It’s all about the money: Cullen

Last Wednesday Skeena-Bulkley Valley NDP MP ventured into the heart of oil sands country - Fort McMurray.

Last Wednesday Skeena-Bulkley Valley NDP MP ventured into the heart of oil sands country – Fort McMurray.

There he met with some oil companies, the local municipality and first nations in the area to find out what their positions were and let them know what his concerns were.

Cullen said he had talked to them about the need to upgrade the bitumen to “stop this madness of sending things out raw.”

That sentiment was echoed by the municipality and even some of the oil companies, he added.
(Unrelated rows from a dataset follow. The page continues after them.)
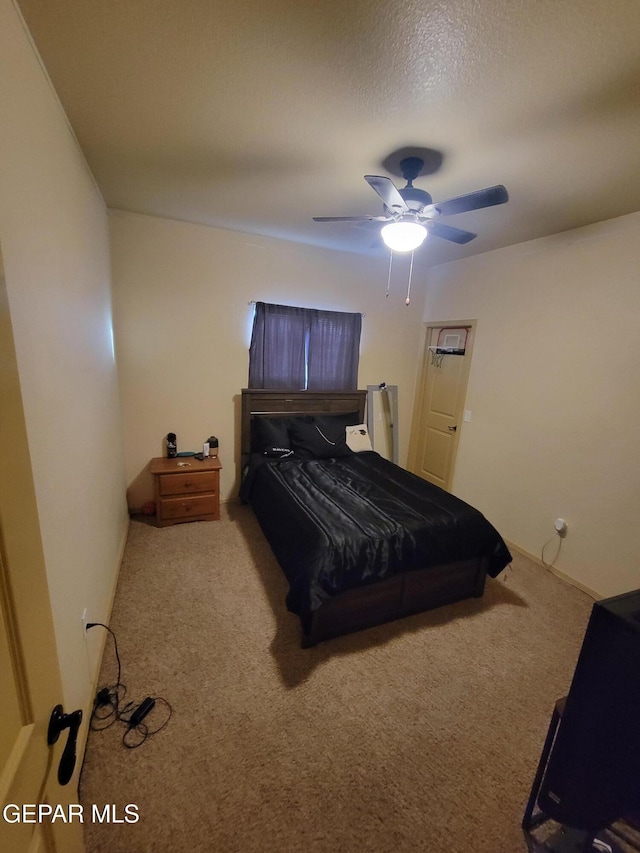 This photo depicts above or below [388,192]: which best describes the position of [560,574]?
below

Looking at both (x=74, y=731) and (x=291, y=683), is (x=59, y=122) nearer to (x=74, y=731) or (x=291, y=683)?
(x=74, y=731)

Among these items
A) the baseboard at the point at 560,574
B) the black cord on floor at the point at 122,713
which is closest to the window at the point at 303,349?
the baseboard at the point at 560,574

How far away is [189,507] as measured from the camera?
3.16 meters

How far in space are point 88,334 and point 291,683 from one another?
213cm

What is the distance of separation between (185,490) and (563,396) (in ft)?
10.6

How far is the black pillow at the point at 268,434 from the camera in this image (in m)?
3.37

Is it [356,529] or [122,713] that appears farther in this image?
[356,529]

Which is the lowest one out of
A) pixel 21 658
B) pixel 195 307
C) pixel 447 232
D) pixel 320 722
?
pixel 320 722

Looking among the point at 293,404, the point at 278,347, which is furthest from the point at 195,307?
the point at 293,404

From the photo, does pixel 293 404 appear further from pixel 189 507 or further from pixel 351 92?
pixel 351 92

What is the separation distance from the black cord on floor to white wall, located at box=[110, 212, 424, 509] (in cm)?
188

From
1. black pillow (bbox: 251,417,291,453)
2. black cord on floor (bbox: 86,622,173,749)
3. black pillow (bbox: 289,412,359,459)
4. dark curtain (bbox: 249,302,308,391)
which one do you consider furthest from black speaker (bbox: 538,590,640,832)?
dark curtain (bbox: 249,302,308,391)

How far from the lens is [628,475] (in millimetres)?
2354

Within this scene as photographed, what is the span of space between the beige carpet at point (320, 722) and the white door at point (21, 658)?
81 centimetres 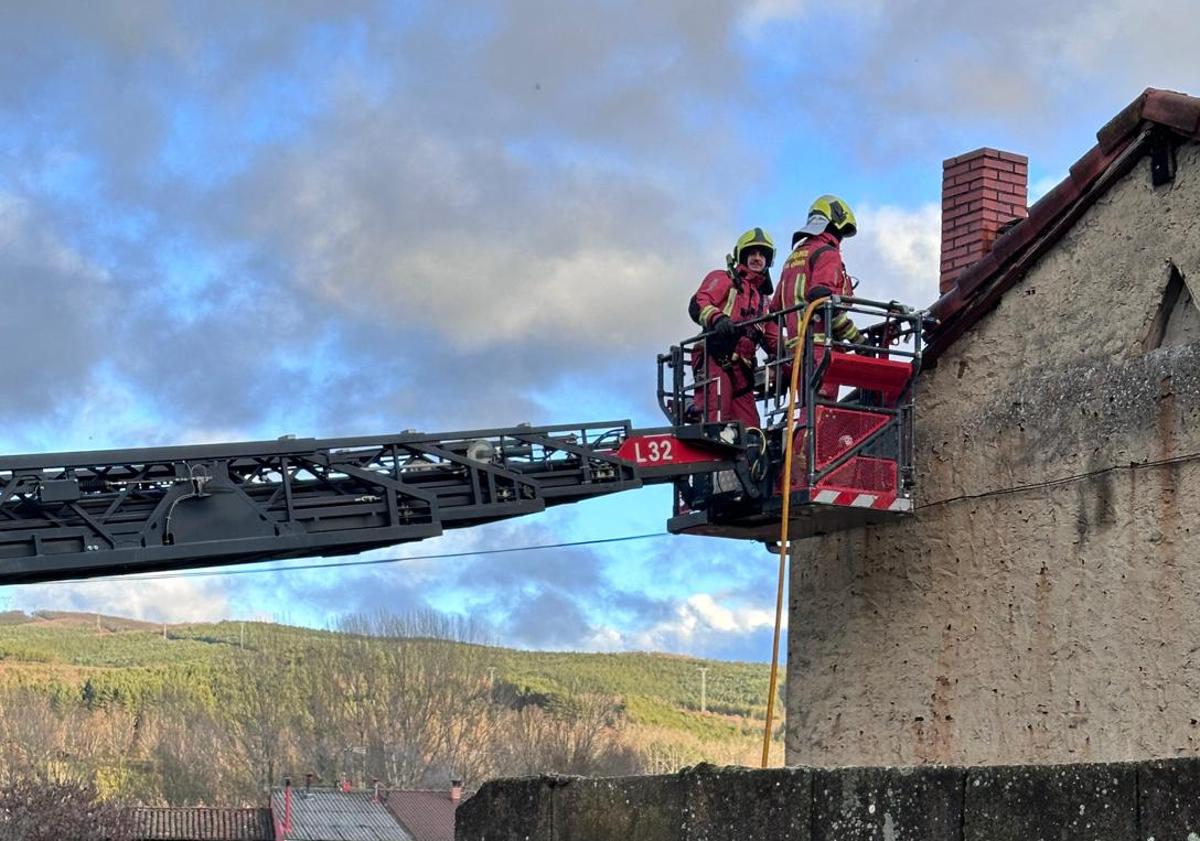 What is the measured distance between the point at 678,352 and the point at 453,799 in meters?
42.5

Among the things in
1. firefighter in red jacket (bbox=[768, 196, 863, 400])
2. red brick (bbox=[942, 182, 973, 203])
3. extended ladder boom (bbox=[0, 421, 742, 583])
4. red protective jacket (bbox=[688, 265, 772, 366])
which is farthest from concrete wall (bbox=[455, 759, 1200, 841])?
red brick (bbox=[942, 182, 973, 203])

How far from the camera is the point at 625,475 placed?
1259 cm

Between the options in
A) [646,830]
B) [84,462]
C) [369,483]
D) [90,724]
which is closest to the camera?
[646,830]

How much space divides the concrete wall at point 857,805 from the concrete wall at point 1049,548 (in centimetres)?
398

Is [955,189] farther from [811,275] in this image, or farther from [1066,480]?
[1066,480]

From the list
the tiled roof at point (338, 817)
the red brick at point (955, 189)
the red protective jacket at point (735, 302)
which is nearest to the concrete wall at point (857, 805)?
the red protective jacket at point (735, 302)

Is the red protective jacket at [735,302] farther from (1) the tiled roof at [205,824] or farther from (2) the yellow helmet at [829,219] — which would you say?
(1) the tiled roof at [205,824]

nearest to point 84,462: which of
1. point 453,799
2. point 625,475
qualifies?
point 625,475

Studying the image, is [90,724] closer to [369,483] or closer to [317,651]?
[317,651]

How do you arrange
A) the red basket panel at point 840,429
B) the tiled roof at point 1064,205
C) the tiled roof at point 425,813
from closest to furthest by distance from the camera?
the tiled roof at point 1064,205, the red basket panel at point 840,429, the tiled roof at point 425,813

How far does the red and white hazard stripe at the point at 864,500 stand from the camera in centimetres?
1154

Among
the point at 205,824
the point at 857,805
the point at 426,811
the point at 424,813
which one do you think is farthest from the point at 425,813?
the point at 857,805

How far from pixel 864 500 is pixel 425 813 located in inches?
1670

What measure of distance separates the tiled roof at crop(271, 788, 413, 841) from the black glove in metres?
39.3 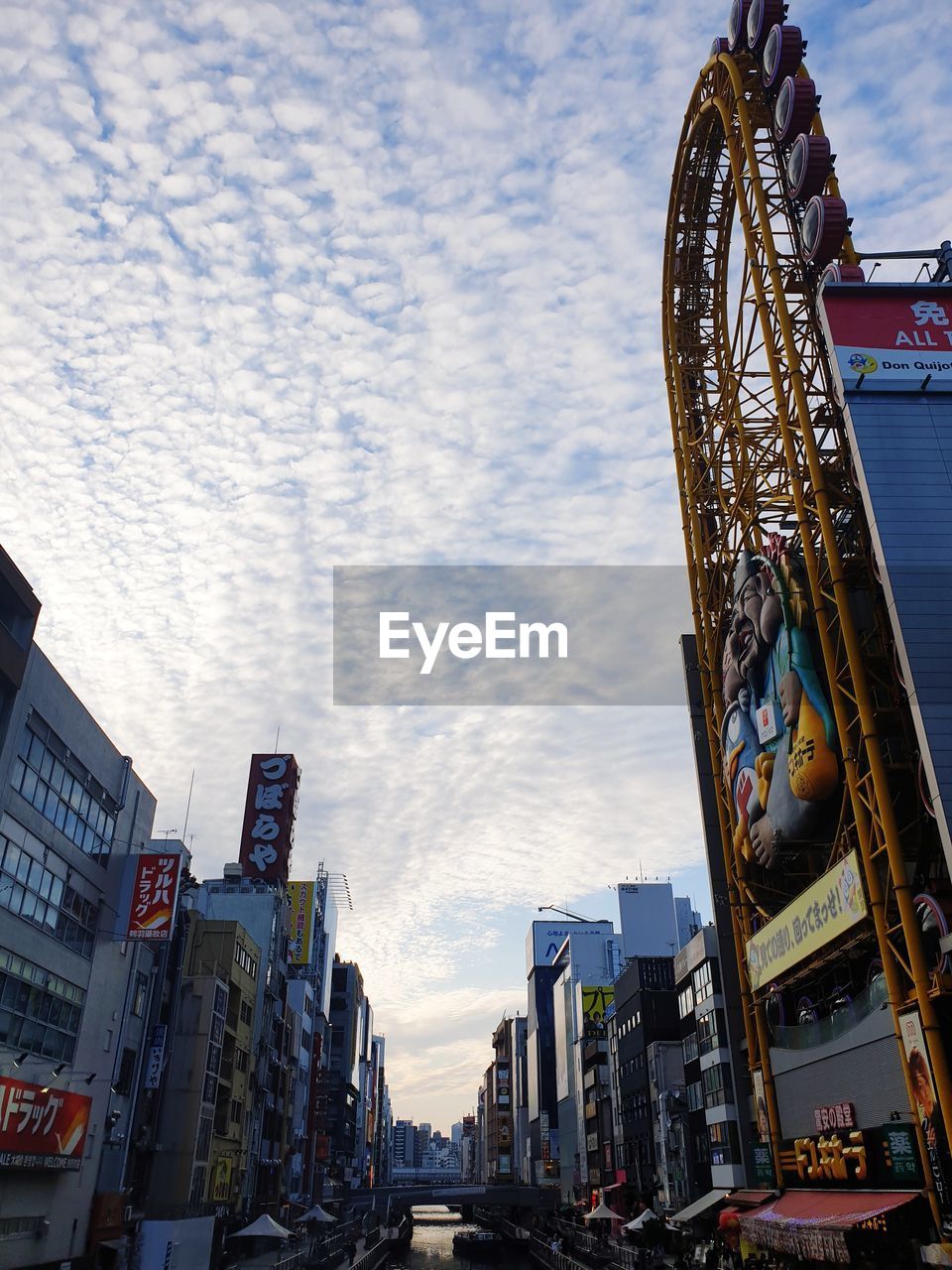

“Things are going guns ablazing here, there is more work than they possibly know what to do with,” Cullen said.

But while people were buoyant about the local economy, they were also asking when did it become too much.

Cullen said he didn’t get the feeling from the community or some oil companies that there was a burning desire to open up even more lands.

“It’s more than enough as it’s shaping up right now.”

Cullen was asked by the Northern Sentinel if he had got any explanation as to why new upgraders or even a refinery were not being built in Alberta.

He said one factor is that if there is any refining capacity available elsewhere around the globe, the multi-national companies involved in the oil sands want to ship the crude there.

And “if there’s an upgrader somewhere else they can use, they’ll do it.”

In the same vein, if they can build an upgrader cheaper somewhere else, that is also what they will do.

Cullen said the main barrier was expense, pointing out that building an upgrader would cost in the area of $3-4 billion.

“Can they make money at it? Absolutely. But can Shell or Exxon make more money out of sending it out raw? Probably.”

At the other end of the supply chain China’s primary interest was in energy and they wanted it in its rawest form.

That, he said, was because China would rather add value (upgrading or refining) in its own country because the cost was lower.

Cullen said the whole issue of crude exports begged the question, just what or who is the Conservative federal government standing up for?

Answering his own question, he said “This government has never met an oil company they didn’t think was perfect or brilliant in every kind of way.”